WHAT NEEDS TO BE DONE: Repeat exactly, please, the opening lines of the data below, through and including the line where "Nature's Mark 8.7’’H" sits.

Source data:
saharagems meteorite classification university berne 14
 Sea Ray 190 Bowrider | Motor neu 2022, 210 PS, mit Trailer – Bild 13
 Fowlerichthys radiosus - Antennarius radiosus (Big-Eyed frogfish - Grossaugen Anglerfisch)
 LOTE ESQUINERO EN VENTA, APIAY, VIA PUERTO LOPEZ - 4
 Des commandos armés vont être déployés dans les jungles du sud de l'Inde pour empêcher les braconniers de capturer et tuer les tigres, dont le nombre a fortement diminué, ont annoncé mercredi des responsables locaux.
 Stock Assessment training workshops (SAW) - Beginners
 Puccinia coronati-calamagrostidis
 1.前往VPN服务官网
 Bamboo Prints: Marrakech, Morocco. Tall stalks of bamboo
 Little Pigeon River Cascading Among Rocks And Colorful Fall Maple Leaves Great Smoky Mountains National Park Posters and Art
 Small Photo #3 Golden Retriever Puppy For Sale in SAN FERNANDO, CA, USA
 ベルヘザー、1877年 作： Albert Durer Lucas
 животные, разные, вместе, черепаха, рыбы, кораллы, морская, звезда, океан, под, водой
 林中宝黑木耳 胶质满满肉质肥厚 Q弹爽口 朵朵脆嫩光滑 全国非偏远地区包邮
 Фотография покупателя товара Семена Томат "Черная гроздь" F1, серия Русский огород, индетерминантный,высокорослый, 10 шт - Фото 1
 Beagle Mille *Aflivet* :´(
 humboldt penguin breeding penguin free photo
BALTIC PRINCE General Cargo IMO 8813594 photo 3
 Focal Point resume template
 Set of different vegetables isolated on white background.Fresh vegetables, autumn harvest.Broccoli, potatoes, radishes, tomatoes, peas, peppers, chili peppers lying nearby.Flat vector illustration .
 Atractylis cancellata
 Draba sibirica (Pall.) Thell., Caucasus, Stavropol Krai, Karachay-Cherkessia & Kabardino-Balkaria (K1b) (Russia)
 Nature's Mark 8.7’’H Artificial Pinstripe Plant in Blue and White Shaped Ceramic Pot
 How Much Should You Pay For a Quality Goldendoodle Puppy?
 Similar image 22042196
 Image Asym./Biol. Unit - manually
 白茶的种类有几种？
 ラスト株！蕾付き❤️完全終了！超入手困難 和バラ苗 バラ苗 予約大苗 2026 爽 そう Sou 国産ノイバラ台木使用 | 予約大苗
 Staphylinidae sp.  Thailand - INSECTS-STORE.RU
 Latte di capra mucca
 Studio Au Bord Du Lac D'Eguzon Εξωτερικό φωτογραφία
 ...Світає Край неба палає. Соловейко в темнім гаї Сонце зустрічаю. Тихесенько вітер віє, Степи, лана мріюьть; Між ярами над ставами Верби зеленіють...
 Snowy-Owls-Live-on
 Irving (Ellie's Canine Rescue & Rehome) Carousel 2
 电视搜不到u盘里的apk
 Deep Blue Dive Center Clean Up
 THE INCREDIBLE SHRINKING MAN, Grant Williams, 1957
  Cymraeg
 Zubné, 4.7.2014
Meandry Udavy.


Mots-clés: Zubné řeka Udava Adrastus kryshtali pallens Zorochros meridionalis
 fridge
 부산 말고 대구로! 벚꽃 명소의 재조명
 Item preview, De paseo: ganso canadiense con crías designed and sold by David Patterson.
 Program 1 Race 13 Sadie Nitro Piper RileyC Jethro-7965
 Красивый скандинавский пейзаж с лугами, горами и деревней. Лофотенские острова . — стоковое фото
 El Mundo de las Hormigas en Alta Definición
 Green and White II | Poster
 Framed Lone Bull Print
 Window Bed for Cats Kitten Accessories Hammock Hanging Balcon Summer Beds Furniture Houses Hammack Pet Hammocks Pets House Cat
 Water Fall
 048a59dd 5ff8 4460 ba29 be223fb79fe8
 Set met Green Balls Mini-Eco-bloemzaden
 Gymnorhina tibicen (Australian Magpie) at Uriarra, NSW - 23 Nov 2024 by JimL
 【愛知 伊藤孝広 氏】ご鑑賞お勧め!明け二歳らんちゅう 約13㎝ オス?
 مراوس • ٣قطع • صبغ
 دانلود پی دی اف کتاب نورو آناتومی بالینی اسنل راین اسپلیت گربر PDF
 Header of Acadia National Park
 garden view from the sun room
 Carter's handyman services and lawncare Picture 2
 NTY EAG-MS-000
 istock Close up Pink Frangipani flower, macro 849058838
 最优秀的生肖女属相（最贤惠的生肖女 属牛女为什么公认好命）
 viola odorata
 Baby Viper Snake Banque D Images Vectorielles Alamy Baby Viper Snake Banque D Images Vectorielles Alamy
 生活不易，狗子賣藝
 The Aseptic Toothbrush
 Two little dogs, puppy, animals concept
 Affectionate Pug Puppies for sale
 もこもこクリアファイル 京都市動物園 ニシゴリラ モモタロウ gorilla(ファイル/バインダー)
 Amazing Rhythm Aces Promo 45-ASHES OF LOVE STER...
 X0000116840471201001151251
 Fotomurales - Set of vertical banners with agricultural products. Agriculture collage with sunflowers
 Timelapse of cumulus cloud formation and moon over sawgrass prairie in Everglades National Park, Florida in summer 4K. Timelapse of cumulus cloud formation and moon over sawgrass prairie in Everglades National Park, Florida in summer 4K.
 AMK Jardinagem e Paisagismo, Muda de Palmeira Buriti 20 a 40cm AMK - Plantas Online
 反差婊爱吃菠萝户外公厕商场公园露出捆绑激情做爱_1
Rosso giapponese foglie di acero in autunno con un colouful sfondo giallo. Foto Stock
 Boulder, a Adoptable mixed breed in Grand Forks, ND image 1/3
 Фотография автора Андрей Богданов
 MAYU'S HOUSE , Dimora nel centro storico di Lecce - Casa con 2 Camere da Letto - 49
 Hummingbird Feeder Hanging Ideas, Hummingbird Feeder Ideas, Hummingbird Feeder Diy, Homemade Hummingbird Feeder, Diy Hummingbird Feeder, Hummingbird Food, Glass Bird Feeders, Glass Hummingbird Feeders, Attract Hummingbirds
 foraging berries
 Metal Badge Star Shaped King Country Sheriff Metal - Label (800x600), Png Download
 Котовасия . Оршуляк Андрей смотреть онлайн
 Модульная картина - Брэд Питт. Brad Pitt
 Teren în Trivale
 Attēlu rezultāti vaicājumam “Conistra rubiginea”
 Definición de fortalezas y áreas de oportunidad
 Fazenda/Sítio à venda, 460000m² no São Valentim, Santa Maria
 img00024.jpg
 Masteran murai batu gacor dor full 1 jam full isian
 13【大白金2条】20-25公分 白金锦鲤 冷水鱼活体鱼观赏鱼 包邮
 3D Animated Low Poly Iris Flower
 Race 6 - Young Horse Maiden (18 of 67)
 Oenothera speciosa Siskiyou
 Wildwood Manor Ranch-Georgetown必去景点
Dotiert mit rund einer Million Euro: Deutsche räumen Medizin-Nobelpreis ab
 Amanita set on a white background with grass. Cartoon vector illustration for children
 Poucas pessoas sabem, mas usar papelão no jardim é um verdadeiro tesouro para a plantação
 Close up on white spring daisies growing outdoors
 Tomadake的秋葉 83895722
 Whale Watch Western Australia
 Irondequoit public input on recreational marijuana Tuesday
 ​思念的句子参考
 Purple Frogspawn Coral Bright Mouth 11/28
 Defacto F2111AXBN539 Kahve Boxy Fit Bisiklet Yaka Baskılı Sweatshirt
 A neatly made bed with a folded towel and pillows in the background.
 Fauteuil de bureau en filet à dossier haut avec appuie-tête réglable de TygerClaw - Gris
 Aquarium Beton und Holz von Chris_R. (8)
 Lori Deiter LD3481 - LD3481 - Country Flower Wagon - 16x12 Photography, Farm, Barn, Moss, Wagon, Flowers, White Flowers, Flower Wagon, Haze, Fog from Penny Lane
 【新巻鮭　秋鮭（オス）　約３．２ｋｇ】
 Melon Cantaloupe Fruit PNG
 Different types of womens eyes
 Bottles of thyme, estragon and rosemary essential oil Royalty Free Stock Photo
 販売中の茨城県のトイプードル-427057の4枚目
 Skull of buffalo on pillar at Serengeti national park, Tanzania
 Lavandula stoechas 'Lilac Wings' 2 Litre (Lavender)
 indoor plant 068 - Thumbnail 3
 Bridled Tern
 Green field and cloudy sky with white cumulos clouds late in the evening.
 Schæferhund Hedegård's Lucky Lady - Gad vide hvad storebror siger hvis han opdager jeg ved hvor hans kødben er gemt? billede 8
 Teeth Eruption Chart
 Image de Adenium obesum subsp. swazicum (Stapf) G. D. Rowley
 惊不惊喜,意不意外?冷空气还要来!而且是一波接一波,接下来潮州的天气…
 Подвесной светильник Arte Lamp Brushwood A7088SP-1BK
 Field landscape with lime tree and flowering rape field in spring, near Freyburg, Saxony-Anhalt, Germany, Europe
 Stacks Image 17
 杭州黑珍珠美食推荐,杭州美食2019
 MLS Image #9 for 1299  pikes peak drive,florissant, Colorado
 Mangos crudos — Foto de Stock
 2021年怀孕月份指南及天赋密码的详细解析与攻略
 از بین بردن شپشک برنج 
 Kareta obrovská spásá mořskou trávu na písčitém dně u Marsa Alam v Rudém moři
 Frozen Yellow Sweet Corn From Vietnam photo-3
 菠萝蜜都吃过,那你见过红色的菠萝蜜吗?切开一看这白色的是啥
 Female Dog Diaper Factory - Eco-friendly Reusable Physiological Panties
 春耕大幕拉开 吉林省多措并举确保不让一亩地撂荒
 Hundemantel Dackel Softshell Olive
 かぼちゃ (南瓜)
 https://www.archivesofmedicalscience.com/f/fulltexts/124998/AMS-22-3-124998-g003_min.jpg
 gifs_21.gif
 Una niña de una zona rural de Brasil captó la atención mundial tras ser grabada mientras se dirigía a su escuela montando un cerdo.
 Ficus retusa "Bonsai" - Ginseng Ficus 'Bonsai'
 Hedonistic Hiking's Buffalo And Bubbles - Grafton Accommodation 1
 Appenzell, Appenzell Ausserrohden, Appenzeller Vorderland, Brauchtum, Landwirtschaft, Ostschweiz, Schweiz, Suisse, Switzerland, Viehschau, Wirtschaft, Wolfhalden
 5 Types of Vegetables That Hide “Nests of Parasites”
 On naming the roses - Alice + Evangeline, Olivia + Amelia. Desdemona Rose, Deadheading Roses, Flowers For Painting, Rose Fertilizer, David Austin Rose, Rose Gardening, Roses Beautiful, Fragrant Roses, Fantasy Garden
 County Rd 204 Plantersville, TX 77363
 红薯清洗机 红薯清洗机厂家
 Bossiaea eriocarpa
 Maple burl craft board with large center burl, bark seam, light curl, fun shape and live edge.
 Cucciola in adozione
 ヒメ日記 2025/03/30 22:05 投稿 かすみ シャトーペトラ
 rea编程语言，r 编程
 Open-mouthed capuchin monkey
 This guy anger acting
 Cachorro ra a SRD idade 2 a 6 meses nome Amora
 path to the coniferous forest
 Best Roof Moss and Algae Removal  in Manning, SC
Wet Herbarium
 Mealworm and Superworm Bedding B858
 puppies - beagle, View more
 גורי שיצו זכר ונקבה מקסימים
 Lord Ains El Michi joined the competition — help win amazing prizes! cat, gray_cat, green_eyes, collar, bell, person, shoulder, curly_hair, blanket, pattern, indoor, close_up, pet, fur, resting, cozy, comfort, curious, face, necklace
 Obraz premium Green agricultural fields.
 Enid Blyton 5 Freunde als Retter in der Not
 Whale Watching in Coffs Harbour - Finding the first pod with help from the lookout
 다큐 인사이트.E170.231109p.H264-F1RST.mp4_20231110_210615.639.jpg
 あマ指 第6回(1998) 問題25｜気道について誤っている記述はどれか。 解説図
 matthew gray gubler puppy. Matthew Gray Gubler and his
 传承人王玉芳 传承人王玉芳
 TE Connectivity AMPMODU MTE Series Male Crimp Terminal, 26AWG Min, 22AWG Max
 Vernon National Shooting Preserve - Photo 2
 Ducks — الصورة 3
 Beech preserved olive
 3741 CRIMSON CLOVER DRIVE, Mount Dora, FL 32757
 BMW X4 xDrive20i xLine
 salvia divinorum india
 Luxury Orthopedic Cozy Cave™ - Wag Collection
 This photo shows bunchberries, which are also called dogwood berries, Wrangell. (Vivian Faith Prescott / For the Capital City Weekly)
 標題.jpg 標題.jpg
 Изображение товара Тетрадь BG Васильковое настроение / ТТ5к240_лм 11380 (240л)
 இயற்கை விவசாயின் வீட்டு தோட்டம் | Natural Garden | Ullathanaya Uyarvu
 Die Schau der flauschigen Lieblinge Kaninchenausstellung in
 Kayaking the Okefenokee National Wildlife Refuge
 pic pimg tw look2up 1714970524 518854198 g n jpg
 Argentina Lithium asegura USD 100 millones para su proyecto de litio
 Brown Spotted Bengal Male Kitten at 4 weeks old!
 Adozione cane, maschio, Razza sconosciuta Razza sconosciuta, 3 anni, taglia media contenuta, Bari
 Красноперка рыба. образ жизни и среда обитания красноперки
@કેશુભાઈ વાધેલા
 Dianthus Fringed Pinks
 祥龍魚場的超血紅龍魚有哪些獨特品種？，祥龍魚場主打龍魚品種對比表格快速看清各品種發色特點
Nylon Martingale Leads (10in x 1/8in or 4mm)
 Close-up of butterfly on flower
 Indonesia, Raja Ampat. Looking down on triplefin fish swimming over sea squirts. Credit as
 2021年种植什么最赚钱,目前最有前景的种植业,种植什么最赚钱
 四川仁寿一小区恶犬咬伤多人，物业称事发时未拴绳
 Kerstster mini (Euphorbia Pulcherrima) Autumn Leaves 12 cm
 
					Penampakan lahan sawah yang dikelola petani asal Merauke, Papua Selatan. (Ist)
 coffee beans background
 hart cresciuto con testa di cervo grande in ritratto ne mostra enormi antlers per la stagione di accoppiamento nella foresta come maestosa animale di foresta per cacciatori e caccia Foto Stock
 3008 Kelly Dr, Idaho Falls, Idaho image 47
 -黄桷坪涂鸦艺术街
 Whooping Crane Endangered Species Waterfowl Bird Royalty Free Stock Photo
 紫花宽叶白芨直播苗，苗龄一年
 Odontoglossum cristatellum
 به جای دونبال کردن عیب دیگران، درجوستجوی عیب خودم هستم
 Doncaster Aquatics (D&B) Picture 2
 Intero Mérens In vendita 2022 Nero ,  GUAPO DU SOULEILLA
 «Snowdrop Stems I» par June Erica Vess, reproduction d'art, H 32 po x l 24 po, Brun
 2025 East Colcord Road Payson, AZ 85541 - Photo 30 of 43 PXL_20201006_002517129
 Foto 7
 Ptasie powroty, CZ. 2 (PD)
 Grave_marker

PROBLEM SOLUTION:
saharagems meteorite classification university berne 14
 Sea Ray 190 Bowrider | Motor neu 2022, 210 PS, mit Trailer – Bild 13
 Fowlerichthys radiosus - Antennarius radiosus (Big-Eyed frogfish - Grossaugen Anglerfisch)
 LOTE ESQUINERO EN VENTA, APIAY, VIA PUERTO LOPEZ - 4
 Des commandos armés vont être déployés dans les jungles du sud de l'Inde pour empêcher les braconniers de capturer et tuer les tigres, dont le nombre a fortement diminué, ont annoncé mercredi des responsables locaux.
 Stock Assessment training workshops (SAW) - Beginners
 Puccinia coronati-calamagrostidis
 1.前往VPN服务官网
 Bamboo Prints: Marrakech, Morocco. Tall stalks of bamboo
 Little Pigeon River Cascading Among Rocks And Colorful Fall Maple Leaves Great Smoky Mountains National Park Posters and Art
 Small Photo #3 Golden Retriever Puppy For Sale in SAN FERNANDO, CA, USA
 ベルヘザー、1877年 作： Albert Durer Lucas
 животные, разные, вместе, черепаха, рыбы, кораллы, морская, звезда, океан, под, водой
 林中宝黑木耳 胶质满满肉质肥厚 Q弹爽口 朵朵脆嫩光滑 全国非偏远地区包邮
 Фотография покупателя товара Семена Томат "Черная гроздь" F1, серия Русский огород, индетерминантный,высокорослый, 10 шт - Фото 1
 Beagle Mille *Aflivet* :´(
 humboldt penguin breeding penguin free photo
BALTIC PRINCE General Cargo IMO 8813594 photo 3
 Focal Point resume template
 Set of different vegetables isolated on white background.Fresh vegetables, autumn harvest.Broccoli, potatoes, radishes, tomatoes, peas, peppers, chili peppers lying nearby.Flat vector illustration .
 Atractylis cancellata
 Draba sibirica (Pall.) Thell., Caucasus, Stavropol Krai, Karachay-Cherkessia & Kabardino-Balkaria (K1b) (Russia)
 Nature's Mark 8.7’’H Artificial Pinstripe Plant in Blue and White Shaped Ceramic Pot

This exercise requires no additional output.